On Tue, Oct 19, 2010 at 4:51 PM, Tom Lane
<tgl@sss.pgh.pa.us> wrote:
Terry Laurenzo <
tj@laurenzo.org> writes:
> After spending a week in the morass of this, I have to say that I am less
> certain than I was on any front regarding the text/binary distinction. I'll
> take some time and benchmark different cases. My hypothesis is that a well
> implemented binary structure and conversions will add minimal overhead in
> the IO + Validate case which would be the typical in/out flow. It could be
> substantially faster for binary send/receive because the validation step
> could be eliminated/reduced.
I think that arguments proceeding from speed of binary send/receive
aren't worth the electrons they're written on, because there is nothing
anywhere that says what the binary format ought to be. In the case of
XML we're just using the text representation as the binary format too,
and nobody's complained about that. If we were to choose to stick with
straight text internally for a JSON type, we'd do the same thing, and
again nobody would complain.
So, if you want to make a case for using some binary internal format or
other, make it without that consideration.
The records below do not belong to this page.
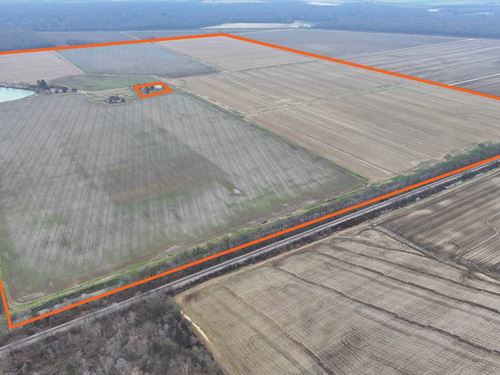 Harold Brothers Farm : Corning : Clay County : Arkansas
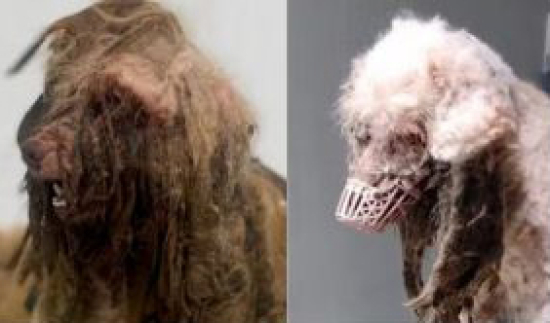 Sete cães são resgatados em situação de maus-tratos em MT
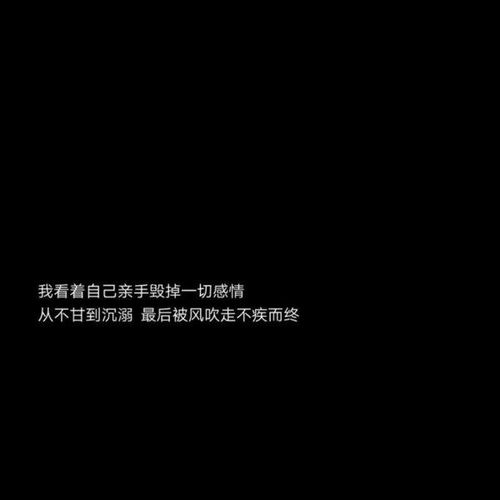 放棄遺憾的詩(shī)句古詩(shī)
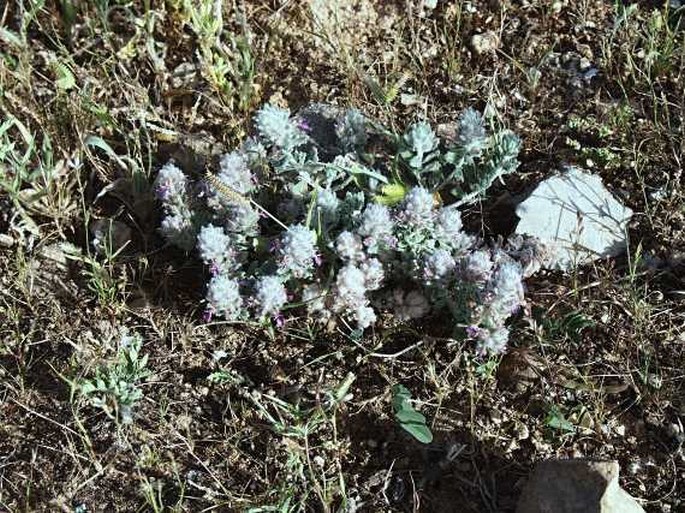 Teucrium nummularifolium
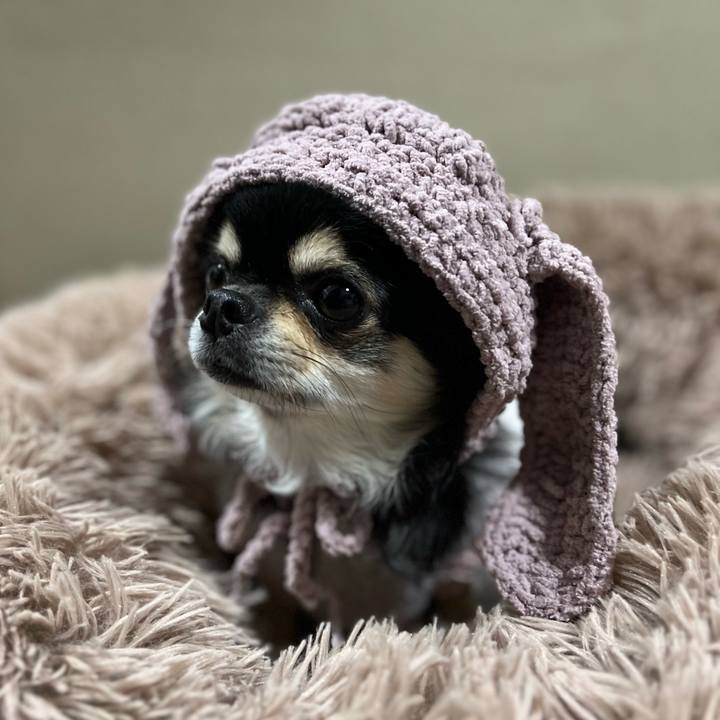 4f5c9729 cb6a 40fa 814f 748f69b5869a 1665881187544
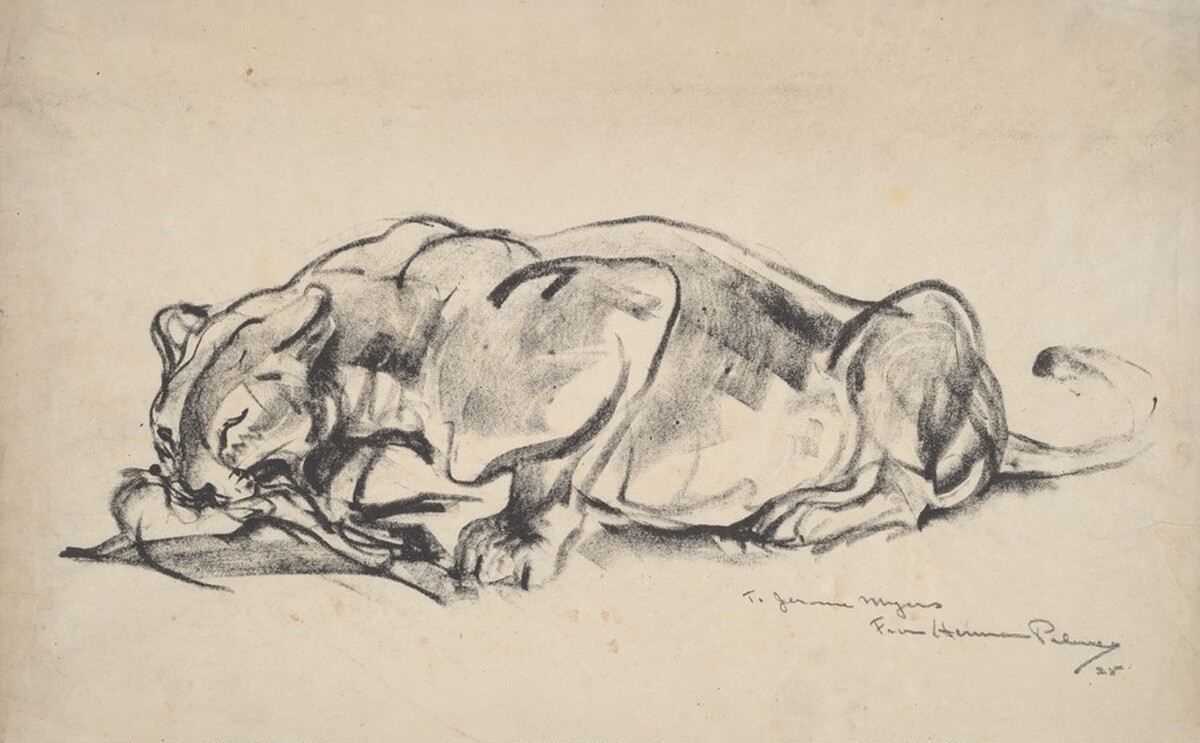 A Lioness by Joseph Pennell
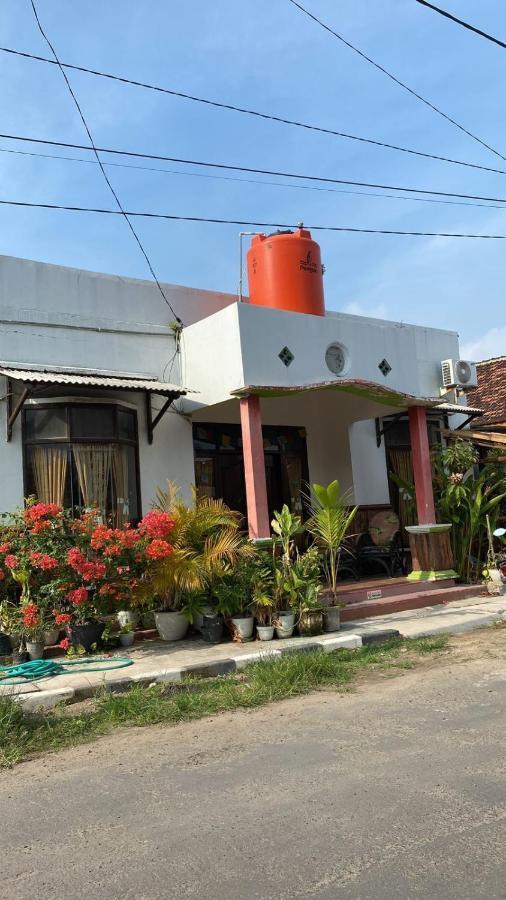 Owl Hostel 카리문자와 외부 사진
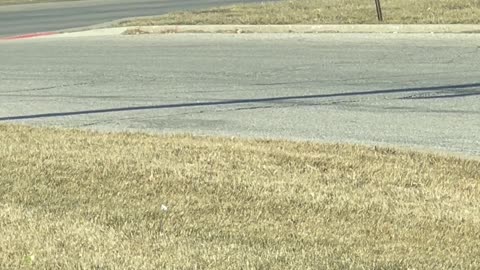 Cowboy Moseys Through McDonald's Drive-Thru on Horseback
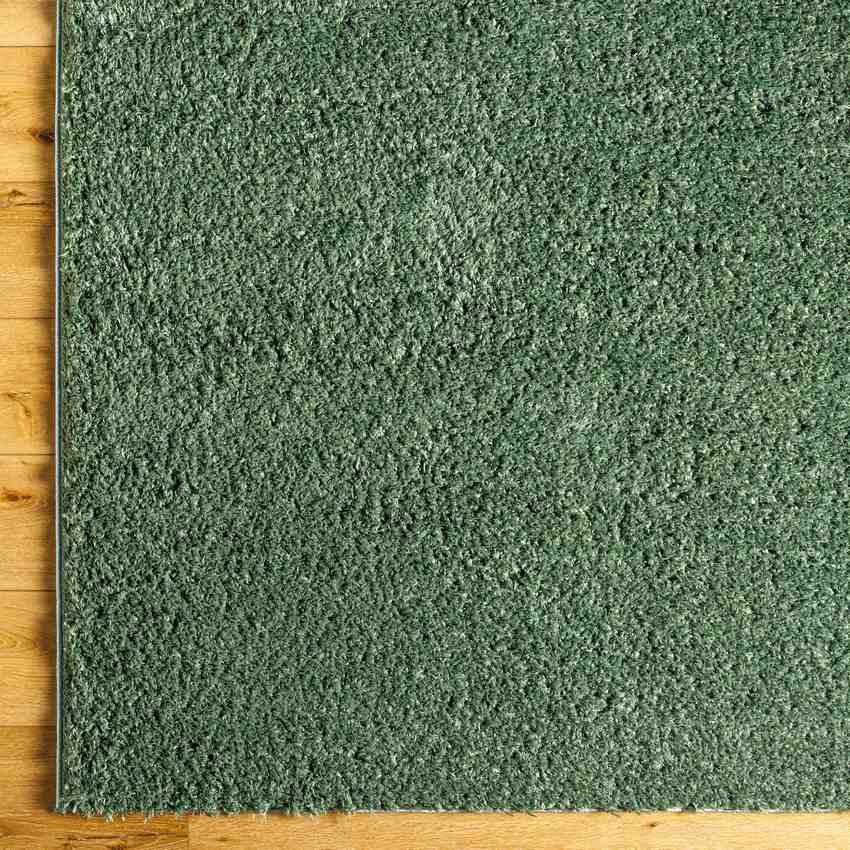 Charon Shag Dark Green Area Rug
> I'm envisioning staging this up as follows:
> 1. Create a "jsontext". jsontext uses text as its internal
> representation. in/out functions are essentially a straight copy or a copy
> + validate.
> 2. Create a "jsonbinary" type. This uses an optimized binary format for
> internal rep and send/receive. in/out is a parse/transcode operation to
> standard JSON text.
Ugh. Please don't. JSON should be JSON, and nothing else. Do you see
any other datatypes in Postgres that expose such internal considerations?
regards, tom lane
I don't think anyone here was really presenting arguments as yet. We're several layers deep on speculation and everyone is saying that experimentation is needed.
I've got my own reasons for going down this path for a solution I have in mind. I had thought that some part of that might have been applicable to pg core, but if not, that's no problem. For my own edification, I'm going to proceed down this path and see where it leads. I'll let the list know what I find out.
I can understand the sentiment that JSON should be JSON and nothing else from a traditional database server's point of view, but there is nothing sacrosanct about it in the broader context.